A furious row has erupted between Edinburgh and London after UK Defence Secretary Philip Hammond insisted that Westminster would bill an independent Scotland for the costs of removing the Trident nuclear weapons system from the Clyde.
 
Speaking on radio yesterday Mr Hammond claimed that any removal of the Trident weapons system would cost billions and said an independent Scotland would have to shoulder part of the cost.

By G.A.Ponsonby
 
A furious row has erupted between Edinburgh and London after UK Defence Secretary Philip Hammond insisted that Westminster would bill an independent Scotland for the costs of removing the Trident nuclear weapons system from the Clyde.
 
Speaking on radio yesterday Mr Hammond claimed that any removal of the Trident weapons system would cost billions and said an independent Scotland would have to shoulder part of the cost.

“And obviously the cost of doing that would be a factor that had to be taken into account in any reckoning on Scottish independence, if that is the way it goes.” he said.

Mr Hammond’s threat was immediately ridiculed by First Minister Alex Salmond who labelled it “arrogant”.

“Only somebody with the arrogance of a Westminster politician would say to the Scottish people, apparently in all sobriety, that you’d place and station weapons of mass destruction in Scotland over a period of half a century, impose substantial clean-up costs and then try to send Scotland the bill.” said the First Minister who added: “I don’t think that’s a feasible position.”

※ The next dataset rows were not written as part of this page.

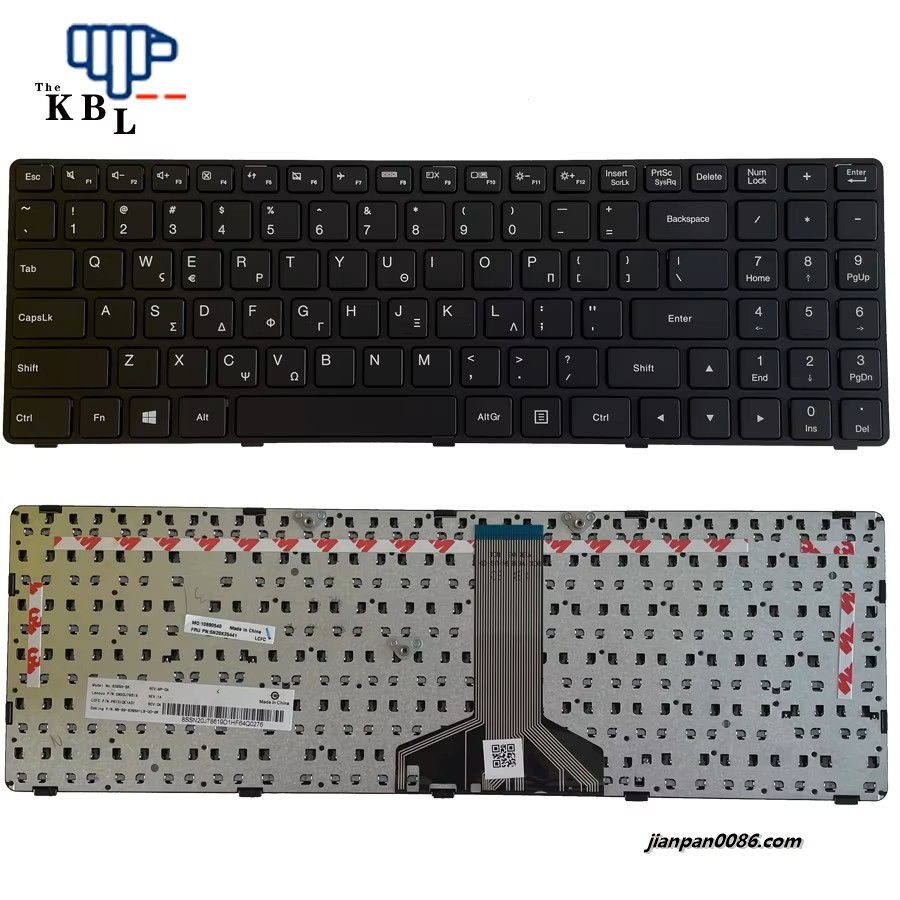 Picture of Original New Greece Language For Lenovo 100-15 B50-50 100-15IBD Black Middle Cable Laptop P/N SN20J78619 PK1310E1A01 10PE151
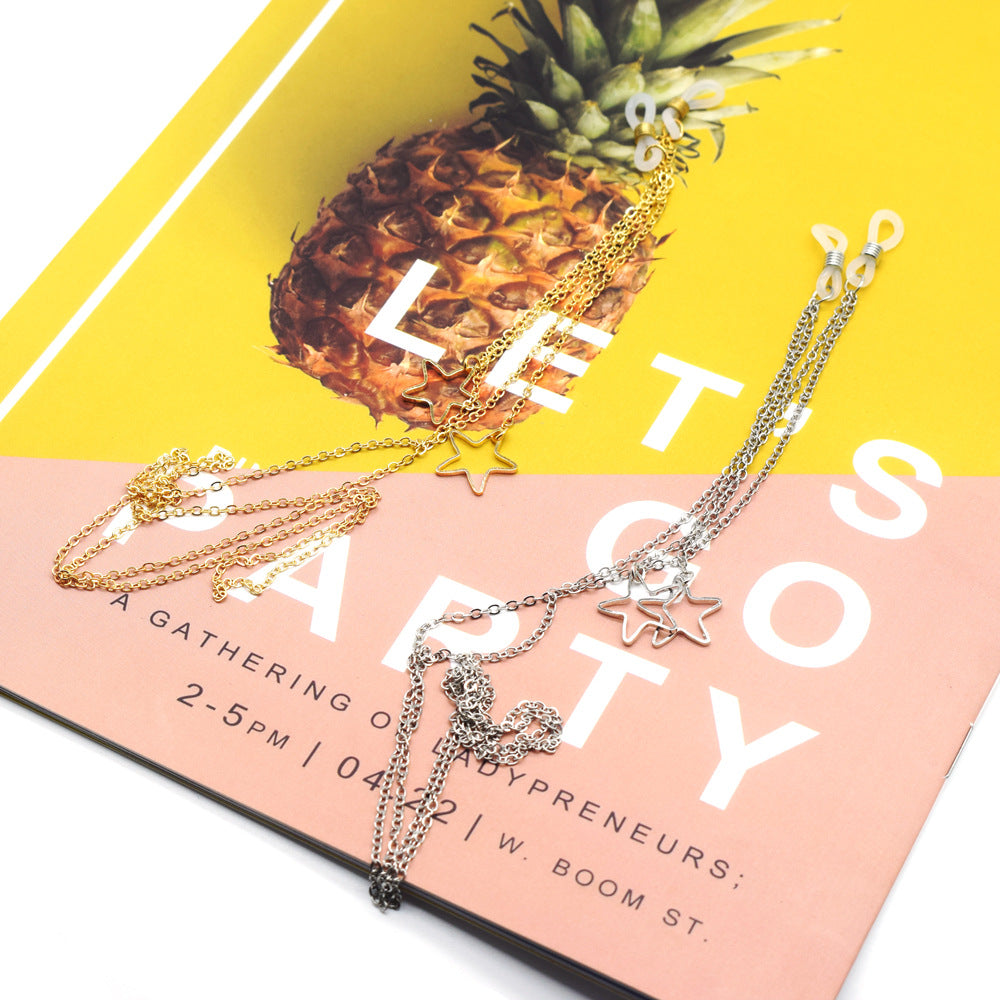 Star-Embellished Eyewear Chain Stornfield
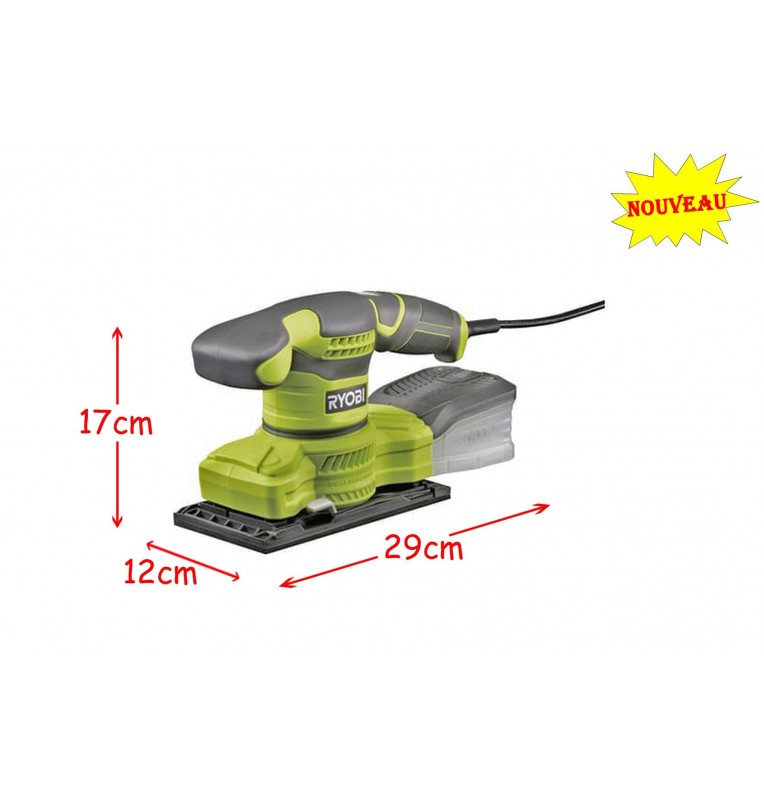 RYOBI PONCEUSE FIBRANTE FILAIRE 200W RYOBI PONCEUSE FIBRANTE FILAIRE 200W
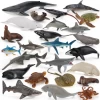 Plastic Simulation PVC Sea Wildlife Childrens Educational Gift Marine Animal whale shark dolphin turtle sea lion Toy Set Model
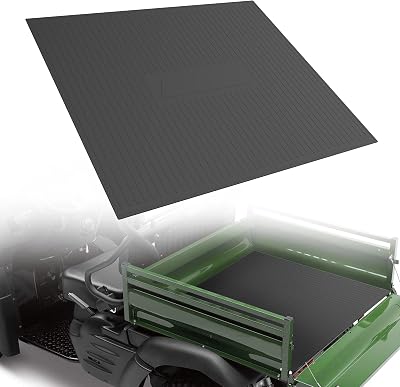 A & UTV PRO Cargo Bed Mat for 2017-2022 Kawasaki Mule SX, 2005-2016 Mule 600610, Mule 550,Rear Bed Liner All Weather TPE Protection Accessories Replace OEM#KAF550-030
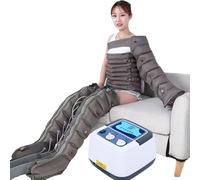 Removable Wave Instrument Suit, Pressotherapy Machine with Air Wave Pressure with 6 Sets of Air Bags, Continuous Air Pressure Adjustable and Synchronization 0-30 Minutes, Massage Circulation 360°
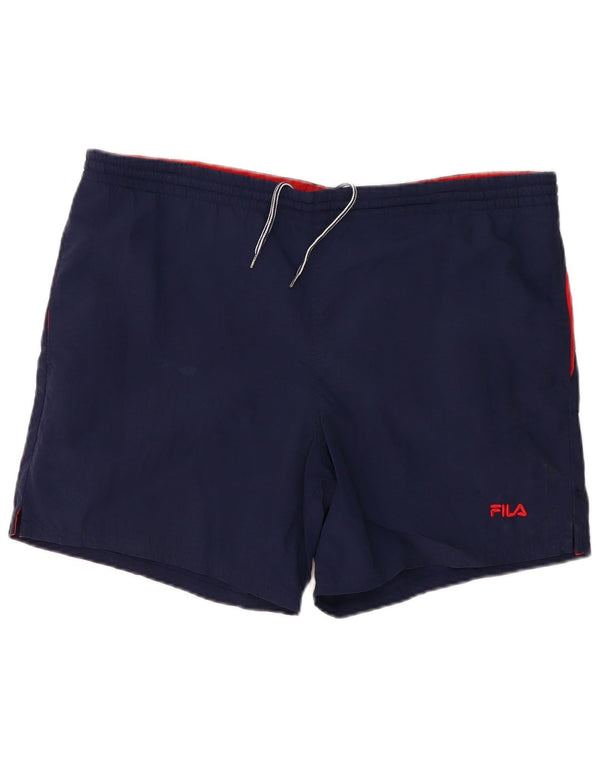 Pantaloni scurți sport Fila pentru bărbați, mari bleumarin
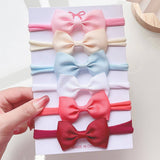 KIDS BOW HEADBAND SET ELASTIC NYLON NO MARKS_CWAHA6720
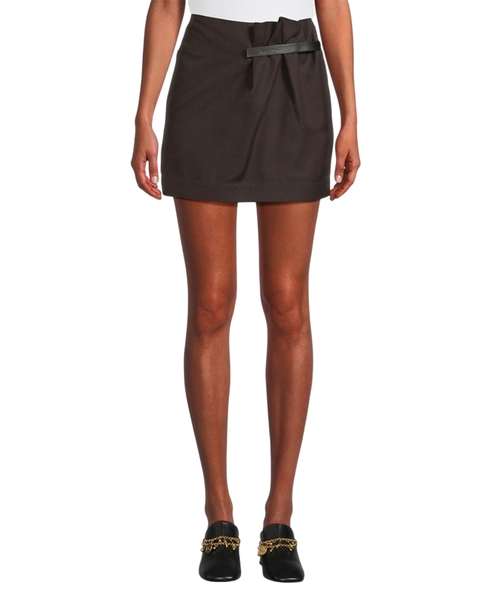 Мини-юбка со сборками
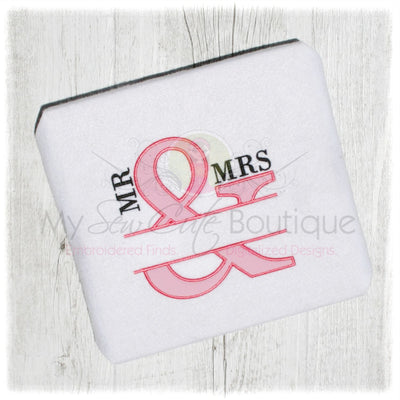 Mr and Mrs Monogram Applique Design - 12 Sizes - Instant Download Embroidery/Applique My Sew Cute Boutique 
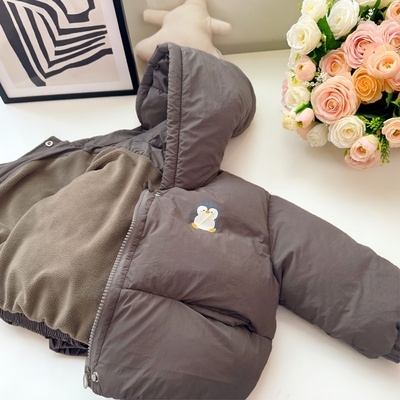 儿童棉服加绒加厚立体卡通冬季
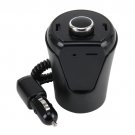 FM Player Wireless Car Charger with Dual USB Ports Support Hand-free and TF Card
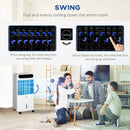 Portable 12L Tank Air Cooler with Ice Cooling and Humidifier - White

The spat followed an announcement by Mr Salmond who said that an independent Scotland’s defence requirement could be met with one naval base, one air base and one mobile armed brigade.

As part of the UK, Mr Salmond has argued for the retention of Scotland’s defence footprint, including the RAF bases at Moray and Lossiemouth arguing that, in terms of UK expenditure, an underspend existed north of the border. 

However, with independence comes the assurance that Scotland will no longer have to fight for a proportionate share of defence spending.  The SNP have already let it be known that it will focus on a conventional defence model.

Outlining his defence plans Mr Salmond said: “The configuration of the Army in Scotland, the mobile brigade, which is the outcome of the defence review, looks exactly like the configuration you’d want for a Scottish defence force — so that’s one naval base, one aircraft base and a mobile armed brigade.

“The great argument in favour of having a Scottish Defence Force is two-fold — one, you wouldn’t have to have the biggest concentration of nuclear weapons in Western Europe situated in Scotland, which many people support the removal (of), and secondly, of course, we’d have the right to decide whether or not to participate in international engagements.”

However the proposal was attacked by the Tory Defence Secretary who suggested that his government would not allow British Army assets to be divided between Scotland and the rest of the UK.

Mr Hammond claimed that an independent either took all of its current defence components, including Trident, or it took none.

He told the BBC’s World At One programme: “The UK Armed Forces are a highly integrated and very sophisticated fighting force.

“The idea that you can sort of break off a little bit, like a square on a chocolate bar, and that would be the bit that went north of the border, is frankly laughable.

“You get them all or you get none of them. That is the simple logic with submarine bases.

The Tory Minister was backed by Labour’s Shadow Defence Secretary Jim Murphy who called Mr Salmond’s proposal a threat that would hit Scotland’s defence communities.

Mr Murphy said: After denouncing Tory defence policies, the SNP have suddenly announced it is the best they can threaten if Scotland was independent.

“This raises huge questions about separation.  Scotland knows that leaving the UK would be a huge blow to Scottish defence communities.”